* **WORK TO COMPLETE**
Starting from the line with "View full screen" and going up to and including the line with "Rado True Thinline", copy the listing below exactly. Leave all images out.

* **DATA LISTING**
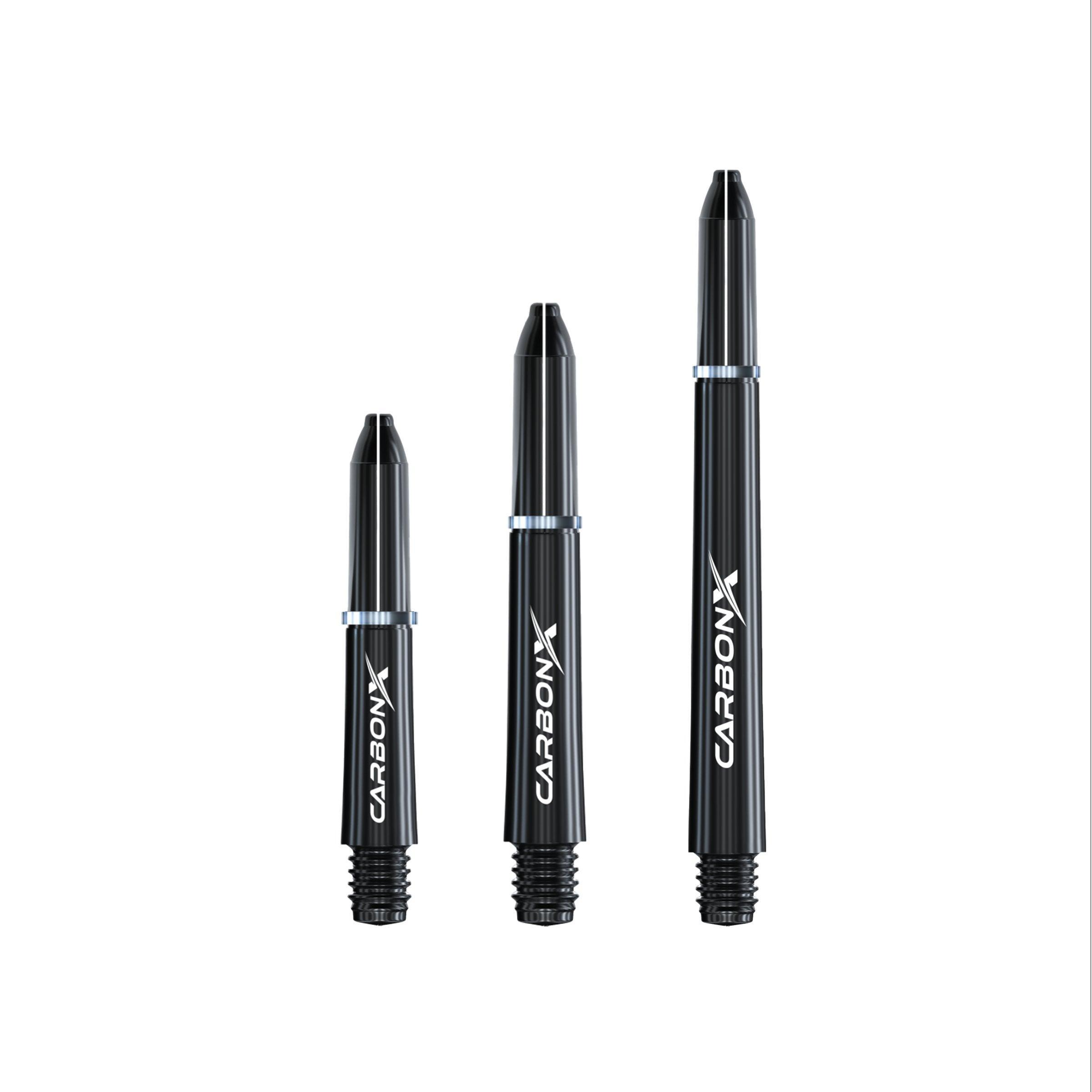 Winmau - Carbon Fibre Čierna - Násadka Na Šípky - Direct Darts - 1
--
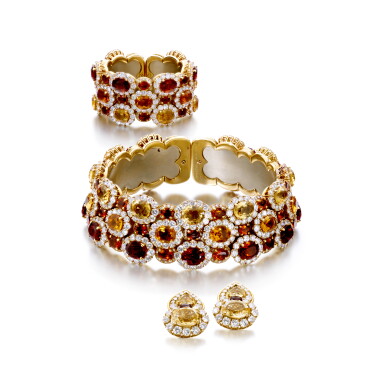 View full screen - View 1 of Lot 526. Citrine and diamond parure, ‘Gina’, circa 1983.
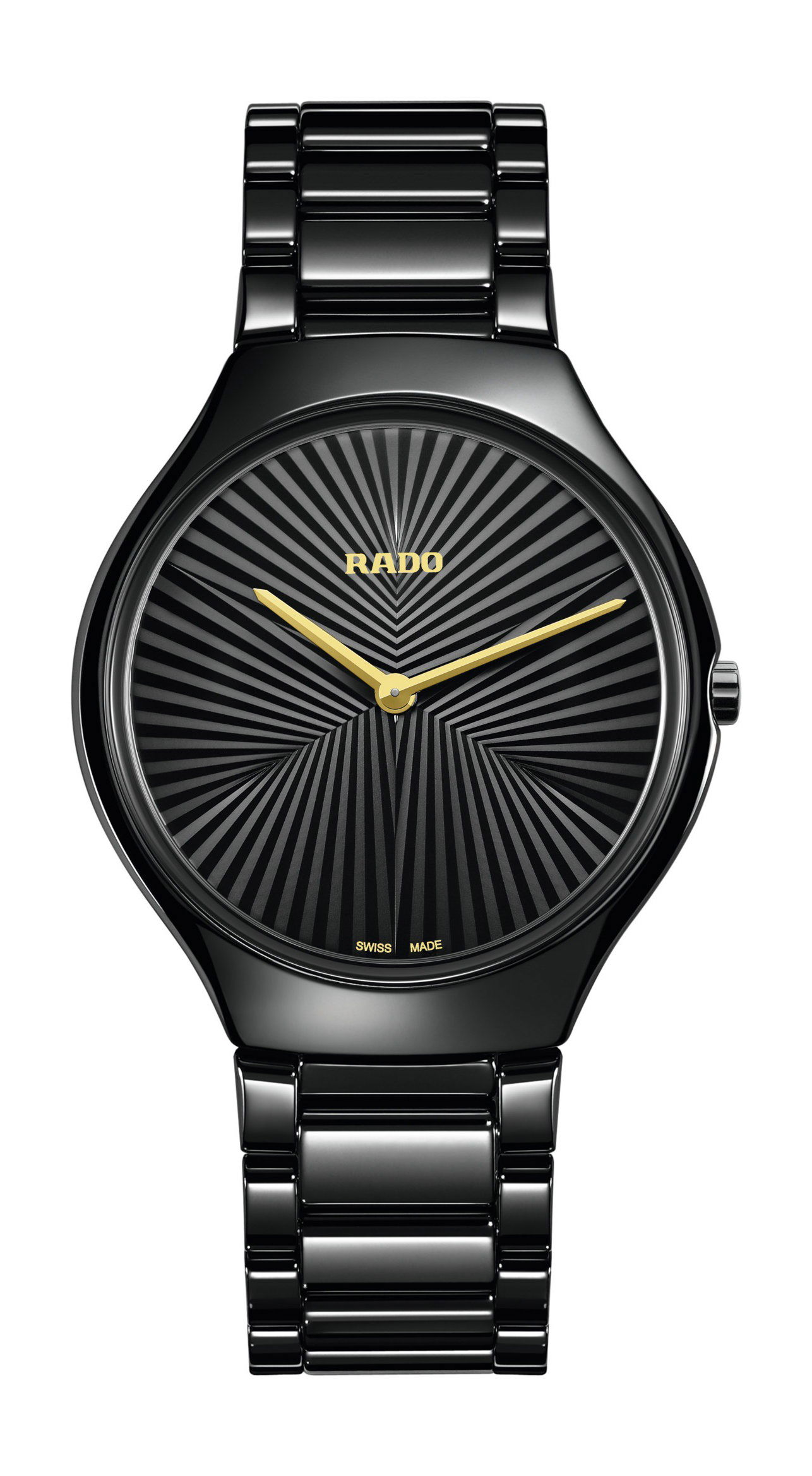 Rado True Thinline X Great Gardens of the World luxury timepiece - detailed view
--
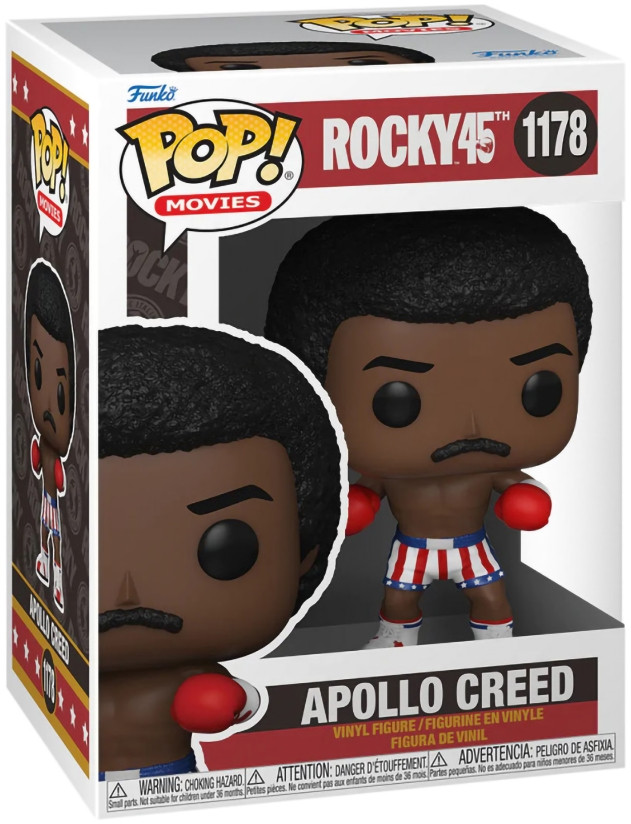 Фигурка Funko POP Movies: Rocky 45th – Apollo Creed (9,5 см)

* **RESULT OF THIS EXERCISE**
 View full screen - View 1 of Lot 526. Citrine and diamond parure, ‘Gina’, circa 1983.
 Rado True Thinline X Great Gardens of the World luxury timepiece - detailed view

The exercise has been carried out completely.